Tek başına olmasına rağmen yalnız hissetmiyordu. Hatta bu duygudan bayağı uzaktı. Yalnız olmak ve huzurlu olmak—ya da buna yakın bir şey—uzun zamandır çok da sevgiyle anmadığı birer tecrübeydi, özellikle boşanmalarından ve tek ebeveynlik yapmasından sonra. Artık şükretmenin zamanı gelmişti çünkü bu durum kısa sürede sona erdiğine göre artık neşelenmesi gerekirdi.
Haftaya orada olacağım. Bekle bir saniye, sakın o cadının veya aptal oğlunun seni etkilemesine izin verme, Heechul'un gönderdiği mesajda böyle yazıyordu. Baekhyun boynunun ve köprücük kemiklerinin büyük bir kısmının kırmızı lekelerle kaplı olduğunun bilincindeydi ve gergince bileklerini bacaklarına sürterek dikkatini dağıtmaya çalıştı. Çenesi acıyana dek dişlerini sıkmıştı ve dikkatini yine kızlarına vermişti. Baekhyun onlara odaklanmışken neredeyse Heechul'un kızgın azarlamalarını ve hemen ardından onun dikkatsizliği ve aptal hareketleri hakkındaki yorumlarını duyabiliyordu.
"Papa?" Dahyun kalın ama buna rağmen bala benzeyen tatlı sesiyle seslenmişti. Kalbi kaburgasının içinden fırlayacak gibi olmuştu ve Baekhyun gözünü açıp kapayana dek kendini kızının yatağın yanında dikilmiş şekilde bulmuştu.
"Hey, papa... Seni özledim." küçük kız gülümsedi ona, yüz ifadesi iç eriten bir samimiyetle aydınlanmıştı. Halsiz bir şekilde yüzünün yarısını yastığa gömdü ve kız bakışlarını etrafta gezdirirken Baekhyun yastığı tekrar düzeltmişti."Iı, şey appa nerede?"
Baekhyun konuşmadı, kızının kaküllerinin birazını kulağının arkasına sıkıştırdı ve dikkatlice parmaklarını kızının mat saçlarında gezdirdi.
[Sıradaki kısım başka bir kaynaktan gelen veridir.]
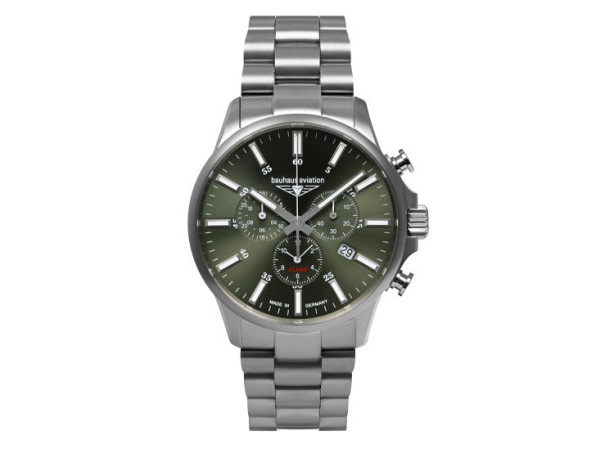 Zegarek Bauhaus Aviation 2880M4 quartz 42mm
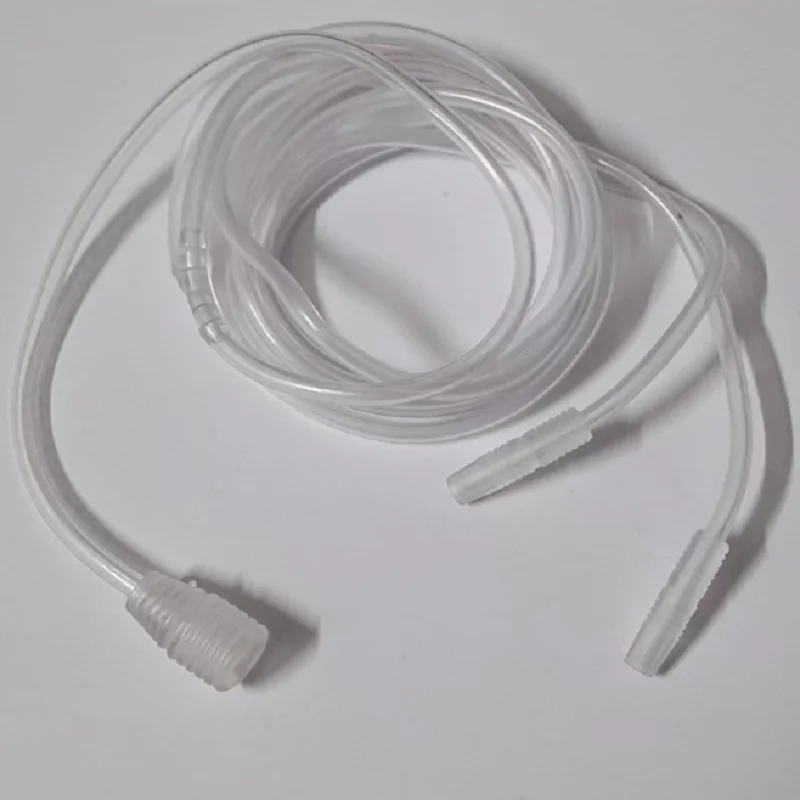 1.5m beauty instrument big head transparent connecting tube, three-way tube, breast augmentation instrument connection, cupping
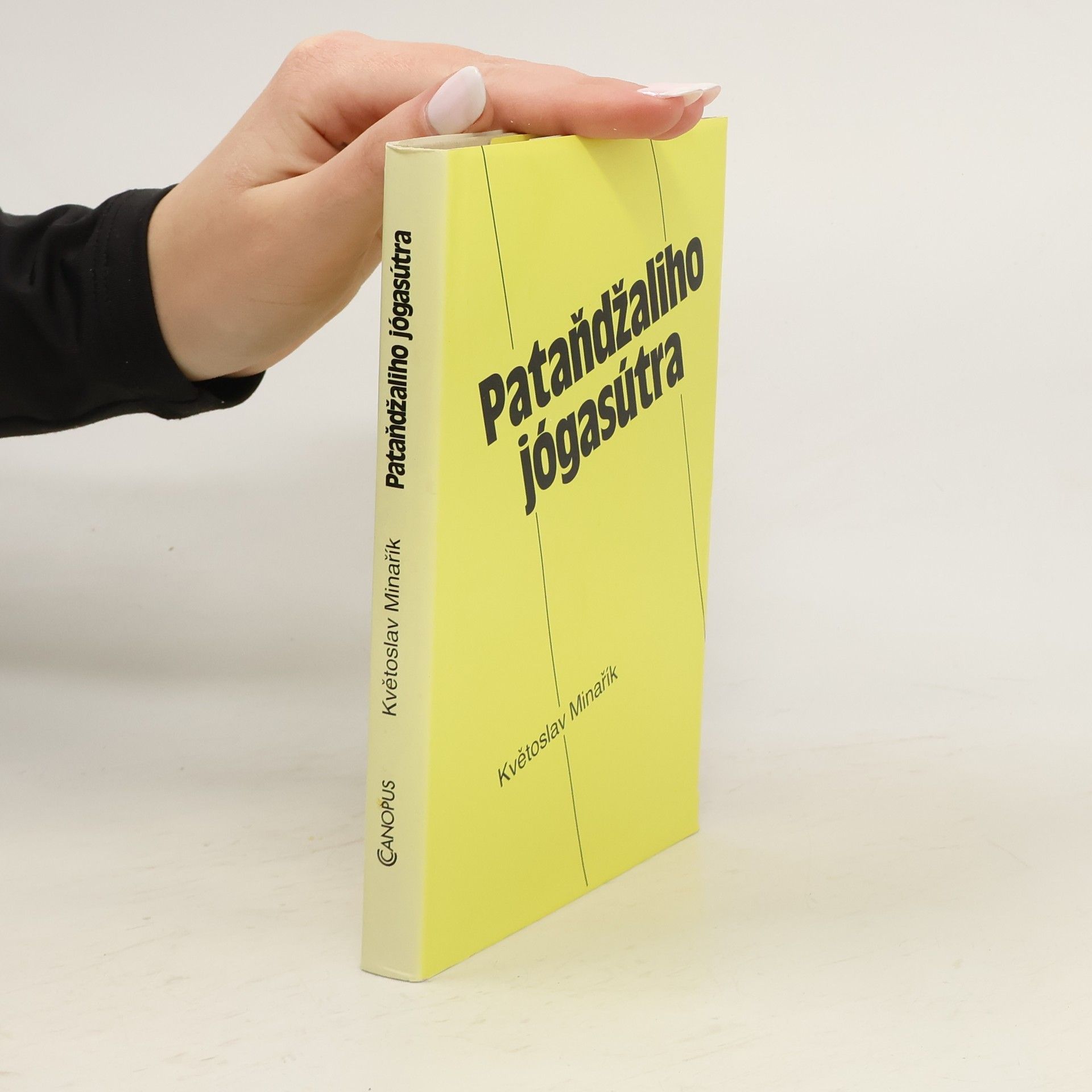 Kvetoslav Minarik Pataňdžáliho jógasútra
Kızına güzel bir gülümseme sunmak istemişti ama gülüşü beceriksizce yüzünü buruşturmuş gibi durmuştu.
"Merdivenlerde. Ziyaretçisi var."
"Kim...Kim o gelen?" Puslu bakışları ve neşelendiren konuşmalar yapan Joohyun, ne kadar uykulu olduğunu ele verdi ve onların olduğu yöne bir bakış atmadan önce birkaç şey zırvaladı. Aslında Baekhyun'la konuştuğunu anlayınca gözleri git gide büyümüş, boğazını temizlemişti ve yanaklarıyla boynuna parlak bir kırmızılık yayılmıştı. "Papa..."
Dahyun zayıf ama kurnaz bir gülümsemeyle homurdandı. "Jojo... fotoğrafların ömrü daha uzundur. Bence bir fotoğraf çekmelisin."
Baekhyun'un yüzü de tıpkı Joohyun'un yüzü gibi kıpkırmızı kalmıştı ve büyük kızının alnına kibarca vurma isteğini bastırmıştı. Baekhyun zavallı kızaran kızına yaklaşıp alnına bir öpücük kondurmuştu, daha sonra yataklarının arasında duran sandalyeye oturmuştu, tam olarak ne demesi gerektiğini bilmiyordu. Kızlarının tekrar birlikte olduklarını ve iyi anlaştıklarını görmek hala hayal gibi geliyordu.